Willie Davenport
Davenport at the 1968 Olympics
Personal information
Full nameWilliam D. Davenport
BornJune 8, 1943 (1943-06-08)
Troy, Alabama, U.S.
DiedJune 17, 2002 (2002-06-18) (aged 59)
Chicago, Illinois, U.S.
Alma materSouthern University
Height6 ft 1 in (185 cm)
Weight185 lb (84 kg)
SportSprint running
ClubBaton Rouge Track Club
Achievements and titles
Personal best(s)100 yd – 9.5 (1968)
100 m – 10.3 (1969)
110 mh – 13.33 (1968)[1]
Medal record
Representing the  United States
Olympic Games
Gold medal – first place 1968 Mexico City 110 m hurdles
Bronze medal – third place 1976 Montréal 110 m hurdles
Pan American Games
Silver medal – second place 1967 Winnipeg 110 m hurdles

William "Willie" D. Davenport (June 8, 1943 – June 17, 2002) was an American sprint runner. He attended Howland High School and college at Southern University and A&M College in Baton Rouge, Louisiana. He competed in the 110 m hurdles at the 1964, 1968, 1972 and 1976 Summer Olympics, winning a gold medal in 1968 and a bronze in 1976, and finishing fourth in 1972. In 1980 he took part in the Winter Olympics as a runner for the American bobsleigh team. Because of the boycott, and the quirk of participating in the Winter Olympics, he was the only U.S. track and field athlete to participate in the 1980 Olympics.[1][2]
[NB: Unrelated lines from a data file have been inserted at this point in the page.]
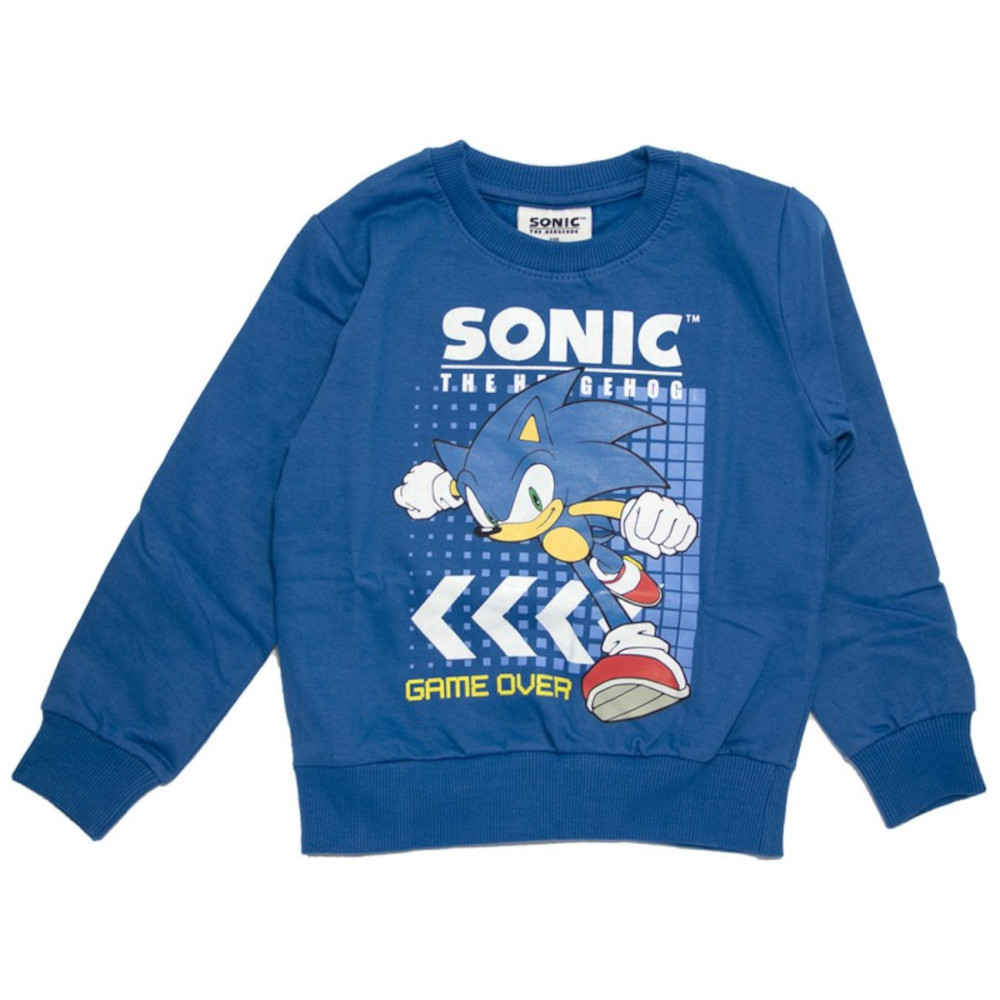 Μπλούζα Φούτερ Fleece Sonic Game Over Blue 8020299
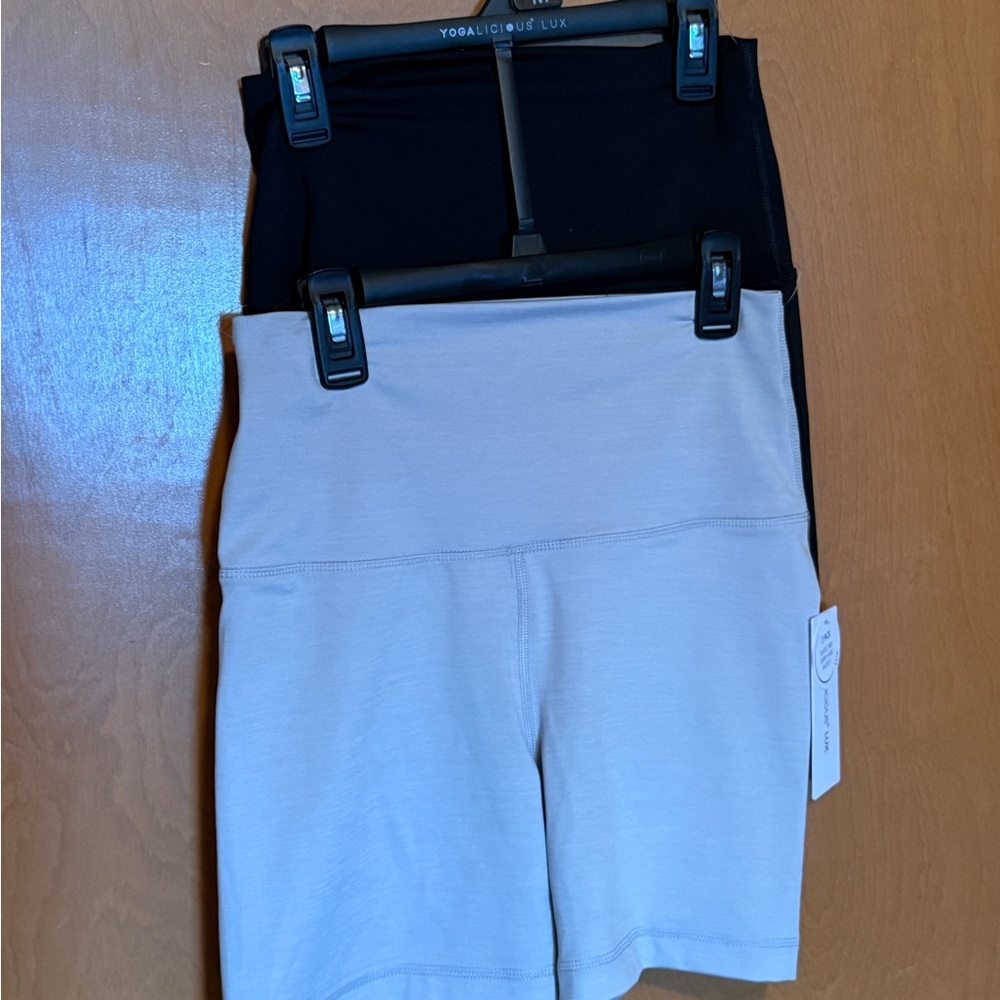 Yogalicious Black and Gray Bike Shorts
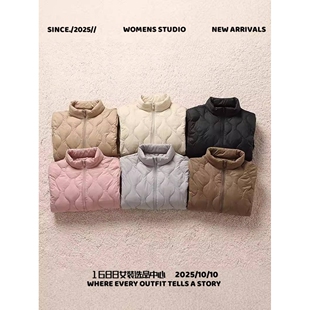 苏州东展羽绒服饰秋冬立领休闲轻薄新款短款服外套百搭轻便显瘦打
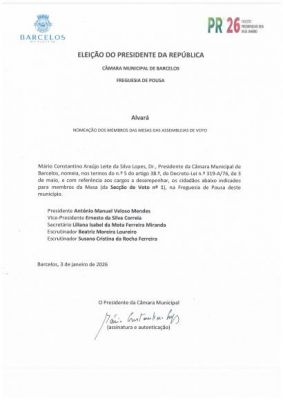 Elei&ccedil;&otilde;es Presidenciais - 18 de Janeiro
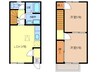 名鉄津島線･尾西線（須ケ口-弥富）/甚目寺駅 徒歩31分 1-2階 築29年 2LDKの間取り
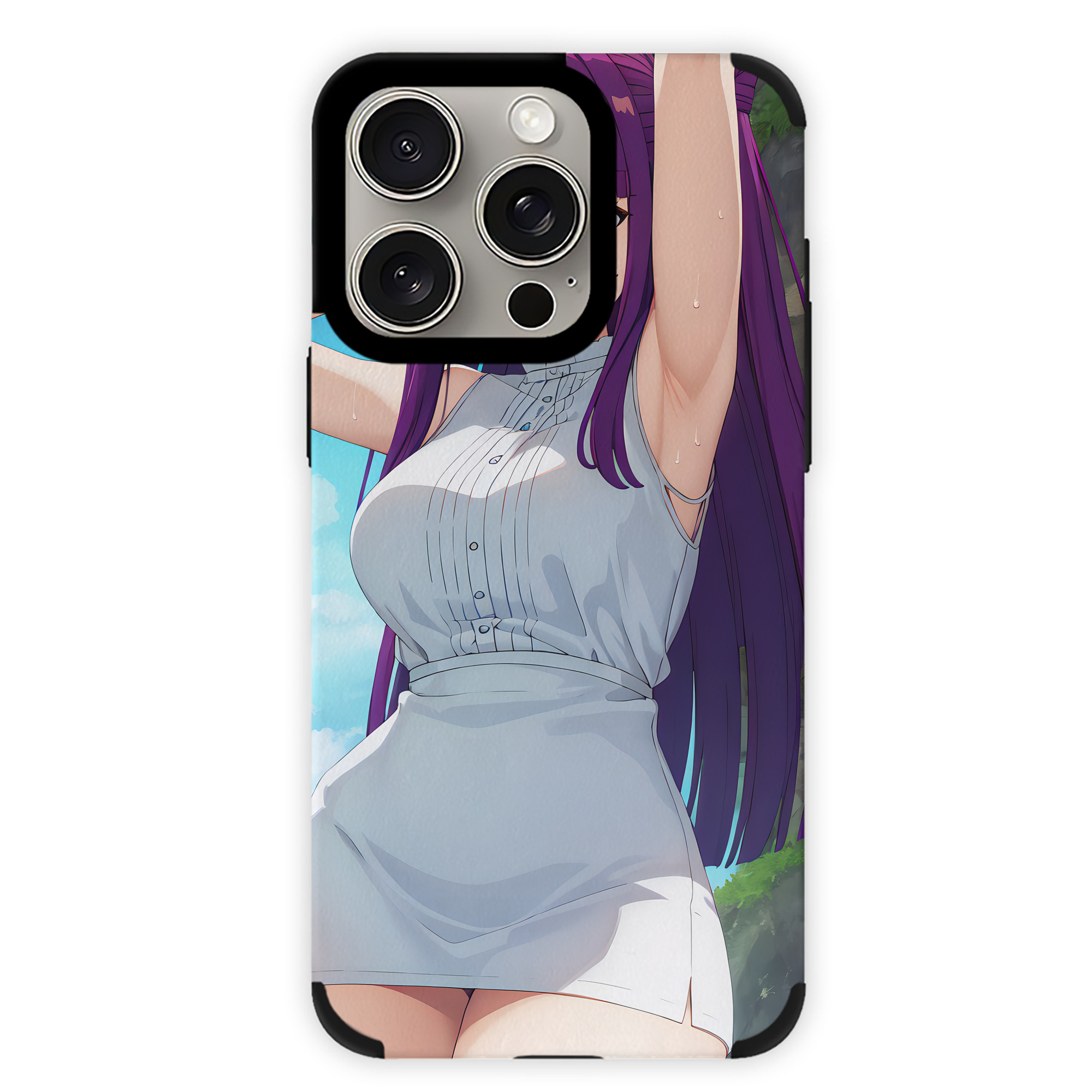 （画像用） 葬送のフリーレン Frieren 【iPhone15ProMax対応】 PUレザー スマホケース 耐衝撃＆黄変防止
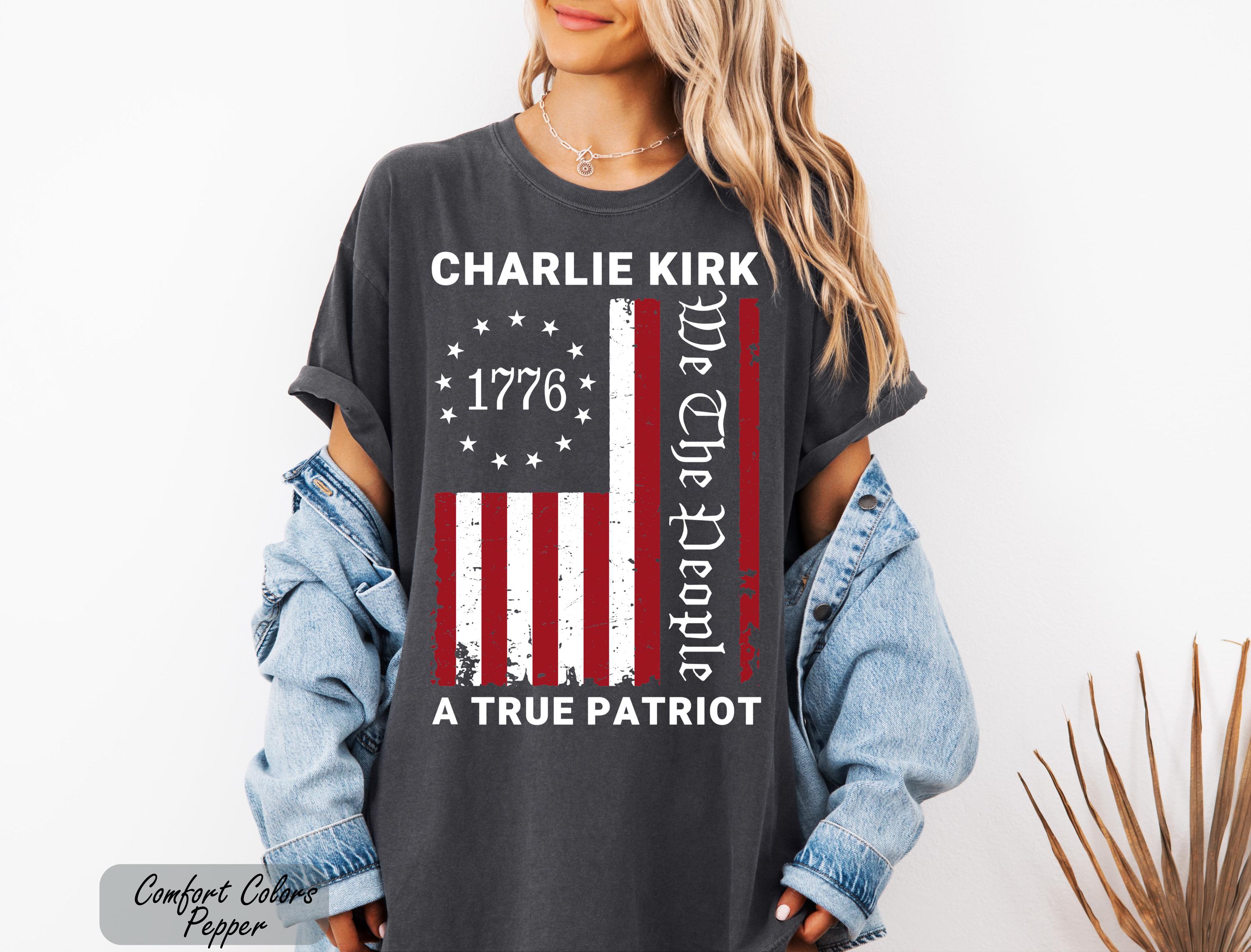 Charlie Kirk We the People Shirt, Justice For Charlie Kirk Unisex T-Shirt, A True Patriot Charlie Kirk Shirt, Pray for Charlie Kirk Shirt
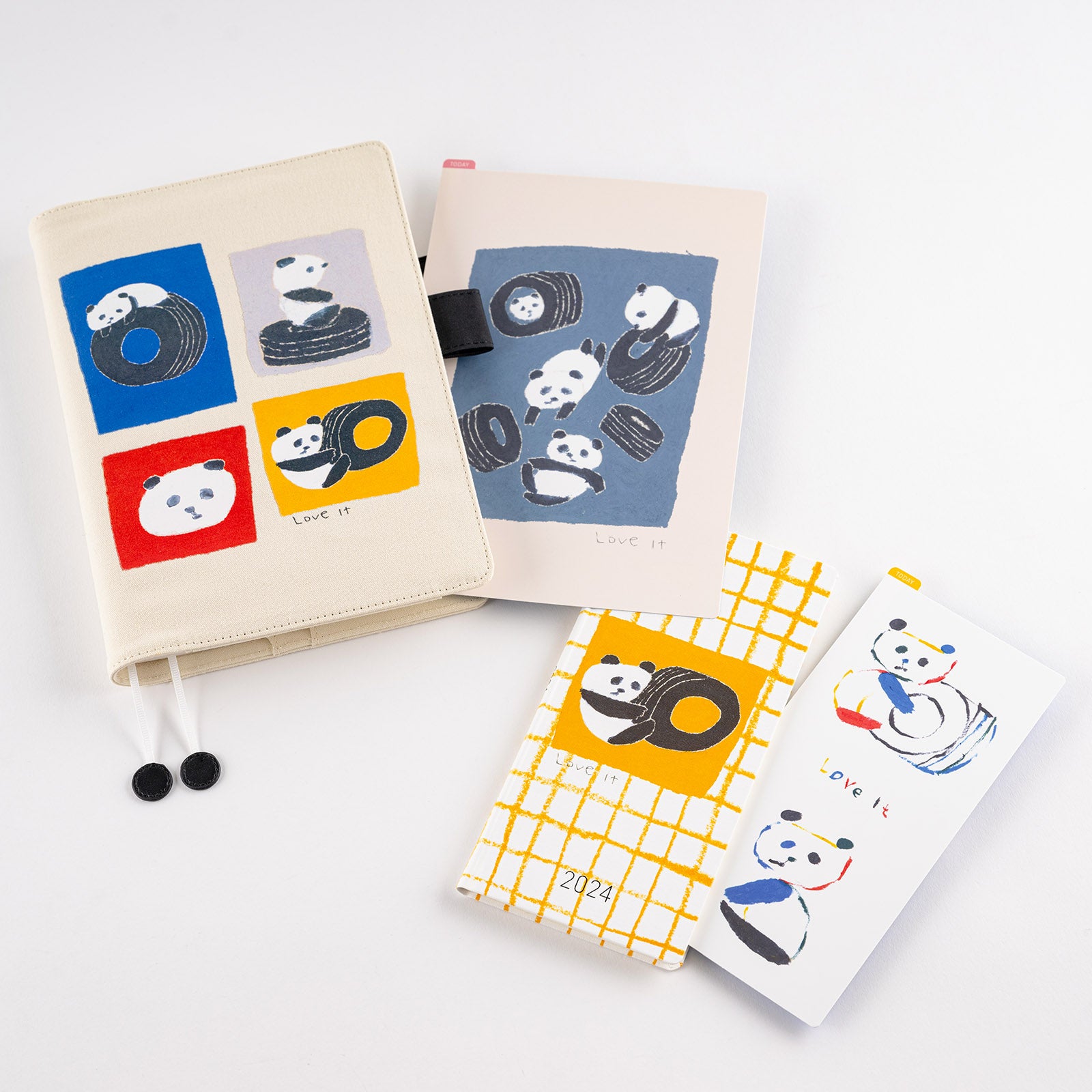 Jin Kitamura: Hobonichi Pencil Board for A5 Size (Love it (Panda))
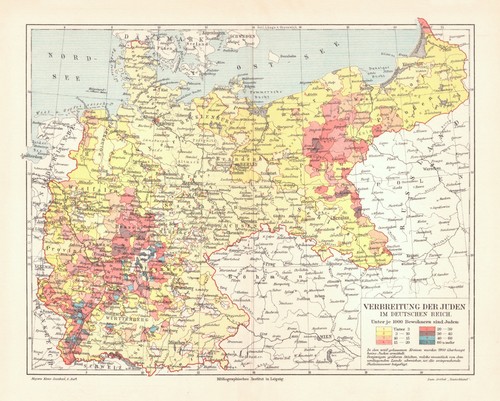 Verbreitung der juden - verbreitung,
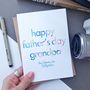 Father's Day Card For Grandpa | Personalised, thumbnail 1 of 4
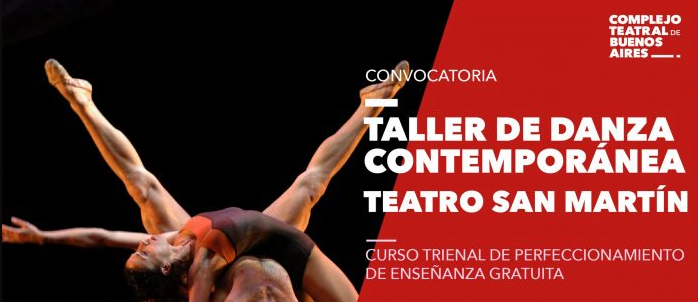 Inscripciones abiertas para el Taller de Danza Contemporánea del Teatro San Martín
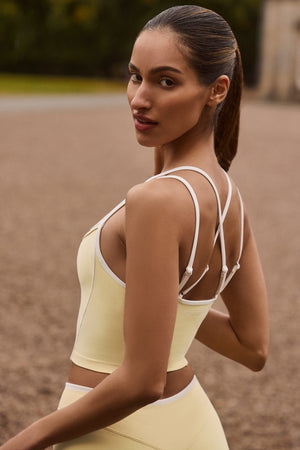 Soft Active Layered Tank Top in Soft Yellow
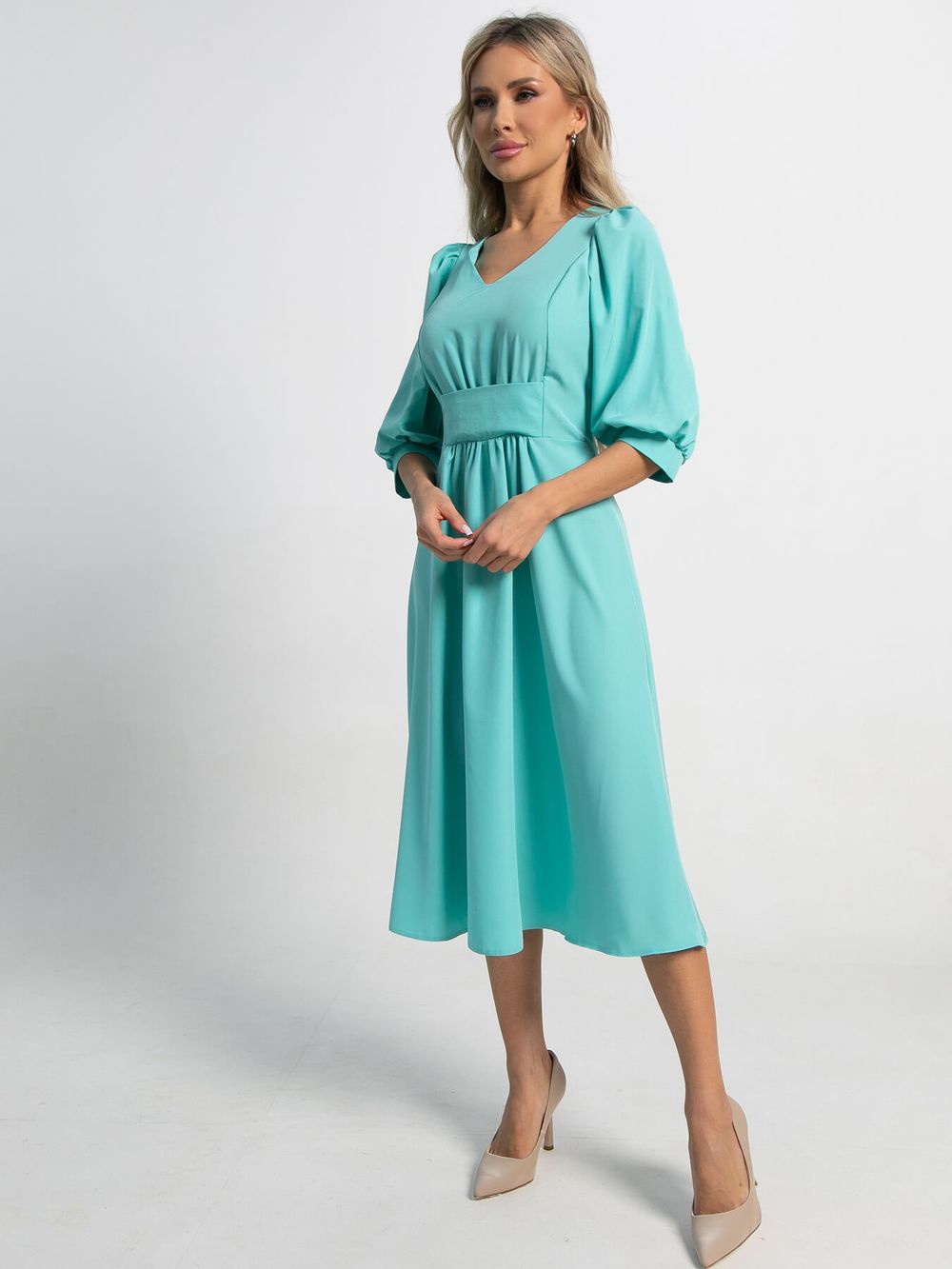 Платье Мадлен (бирюзовое) П15466-18М LT Collection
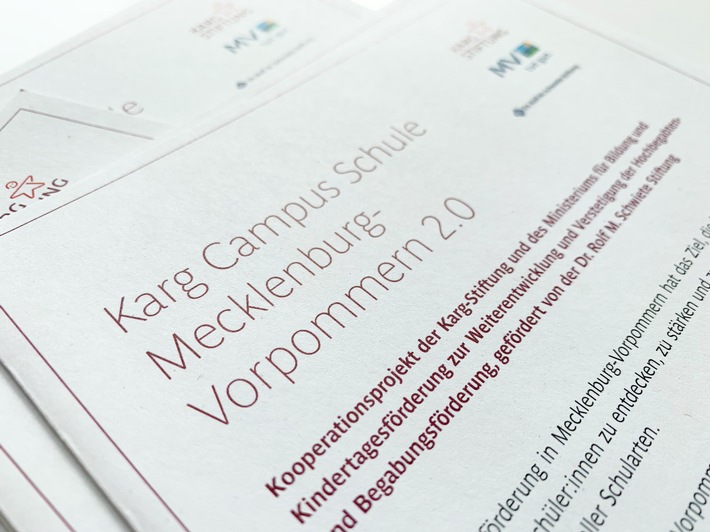 Mecklenburg-Vorpommern baut die inklusive Begabungsförderung weiter aus / Kooperationsprojekt von Karg-Stiftung und Ministerium für Bildung und Kindertagesförderung stärkt das Netzwerk im Land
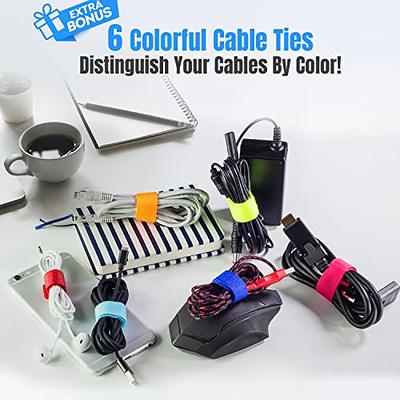 Large Cable Management Box - Black Cord Organizer and Hider for Wires,  Power Strips, Surge Protectors & More - Includes Cable Sleeve, Hook and  Loop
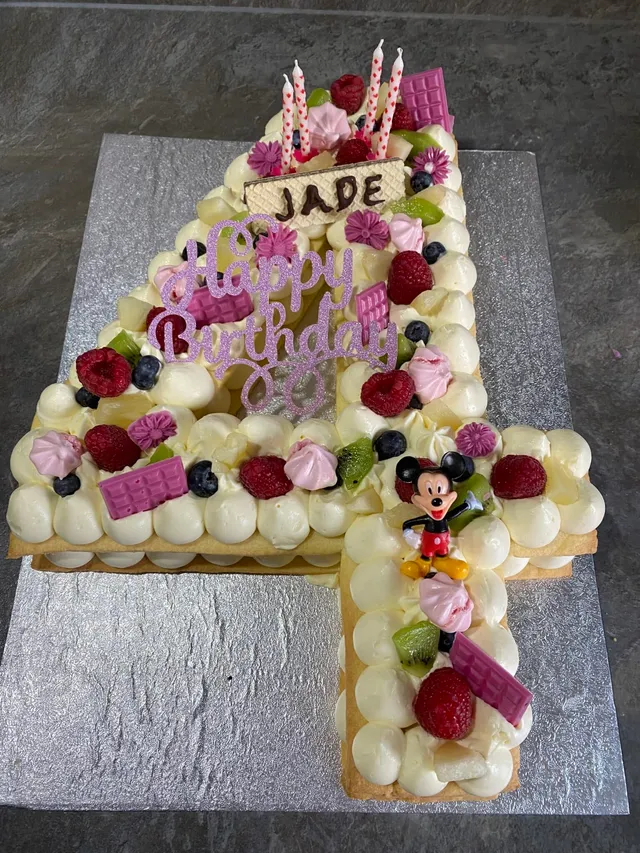 Number cake creme diplomate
Davenport took part in his first Olympics in 1964, but injured his thigh and was eliminated in the semifinals. In Mexico City in 1968, he reached the final and won: "From the first step, the gun, I knew I had won the race." In 1972 he finished fourth, and in his third consecutive Olympic 110 m hurdles final, in 1976, he won a bronze medal. At his last Olympics in 1980 he was a bobsleigh runner, ending up 12th in the four-man competition. Davenport's other achievements include five national championships in the 60 yard hurdles indoor event.[1] By participating in the 1980 bobsleigh competition, he became one of the first two African Americans to compete in the bobsled in the Winter Olympics. Jeff Gadley, a decathlete from State University of New York at Plattsburgh, competed internationally in the four-man bobsled for the US the year before the Lake Placid Olympics, then Davenport joined Gadley's team right before the 1980 Olympics. Davenport drew much media attention, but was not the first. Long before Willie, Mabel Fairbanks, born in 1915 in Florida, competed in figure skating, yet was often denied entry to figure skating rinks and qualifying competitions that would have allowed her to compete in US national and Olympic competition. With her knowledge as a top figure skater, she coached Kristi Yamaguchi, Debbie Thomas, and others to top Winter Olympic performances.

Davenport was a member of the Southern Jaguars football team in college, and immediately departed the 1968 Olympics after winning the gold to join the team for the final games.[3] He was drafted by the New Orleans Saints as a wide receiver in the sixth round (138th overall) of the 1969 NFL/AFL draft, but a misunderstanding about his college eligibility prompted the Saints to withdraw the selection.[4] When it turned out he was allowed to play, the San Diego Chargers picked him in the 16th round (408th overall) but he and the team could not agree to a contract.[5] The Saints drafted him again in 1970 in the 12th round (296th overall) as a defensive back, though he did not join them either.[6][7]

In 1985, Davenport competed at the Masters Outdoor World Championship in Rome.[8]

Davenport was a U.S. Army private at the time of his first Olympic participation, he was a Colonel in the United States Army National Guard at the time of his death. He died of a heart attack at age 59 at Chicago's O'Hare International Airport on June 17, 2002.[9]

In 1977 he was inducted into the Mt. SAC Relays Hall of Fame,[10] and in 1982 into the National Track and Field Hall of Fame.[11]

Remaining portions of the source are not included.